Identity Provider Users With Old Password

Remediation

Okta Admin Console (Asset-Level)

1. Open the affected user(s) from the finding details.
2. Apply the control-specific fix:

• Inactive users: suspend/deactivate users no longer needed.
• Excess super administrators: remove unnecessary Super Admin role assignments.
• Old password risk: enforce stricter password policy and rotation settings.

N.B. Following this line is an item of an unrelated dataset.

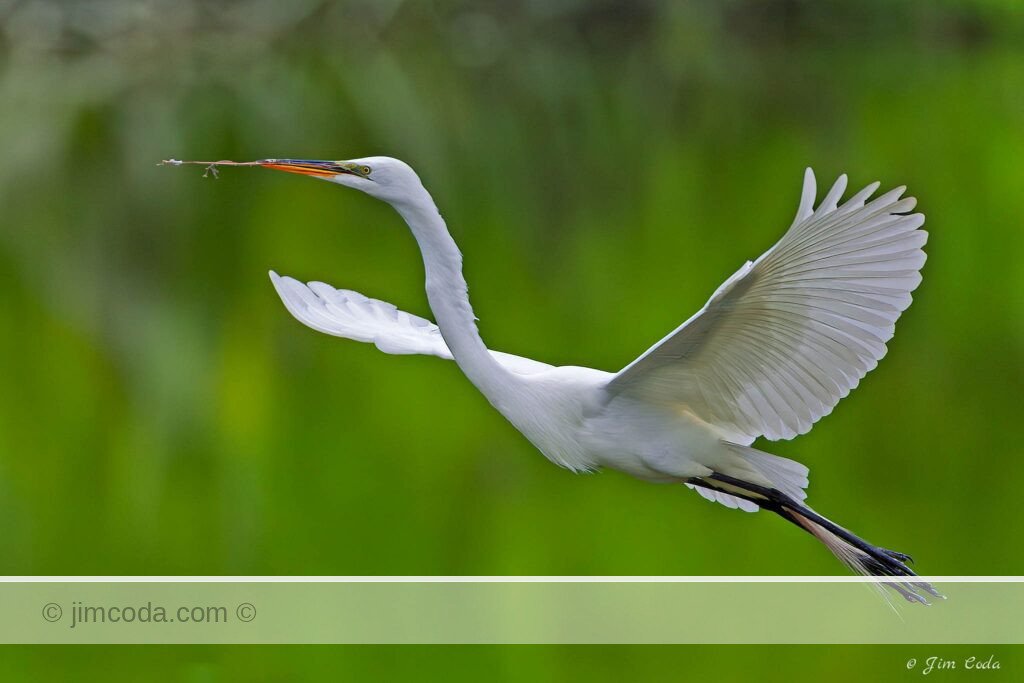 A great egret flies to the nest with nest material.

1. Save changes and confirm user status/role/policy updates.

Okta API (Asset-Level)

Use an API token with least privilege:

export OKTA_ORG="https://<your-org>.okta.com"
export OKTA_TOKEN="<api-token>"

Deactivate a user:

curl -s -X POST "$OKTA_ORG/api/v1/users/<user-id>/lifecycle/deactivate" \
  -H "Authorization: SSWS $OKTA_TOKEN" \
  -H "Accept: application/json"

List a user's assigned admin roles:

curl -s "$OKTA_ORG/api/v1/users/<user-id>/roles" \
  -H "Authorization: SSWS $OKTA_TOKEN" \
  -H "Accept: application/json"

Validation

• Re-run the control and confirm findings are cleared.
• Track approved exceptions with owner and expiry date.

Multiple Remediation Paths

SERVICE-WIDE (RECOMMENDED when many resources are affected): Apply organization/tenant-level guardrails and baseline policies for the entire platform.

ASSET-LEVEL: Fix only the affected resources identified by this control.

PREVENTIVE: Add preventive policy checks to CI/CD and periodic posture scans.

References for Service-Wide Patterns

• Platform policy/governance and preventive control patterns should be applied tenant-wide where supported.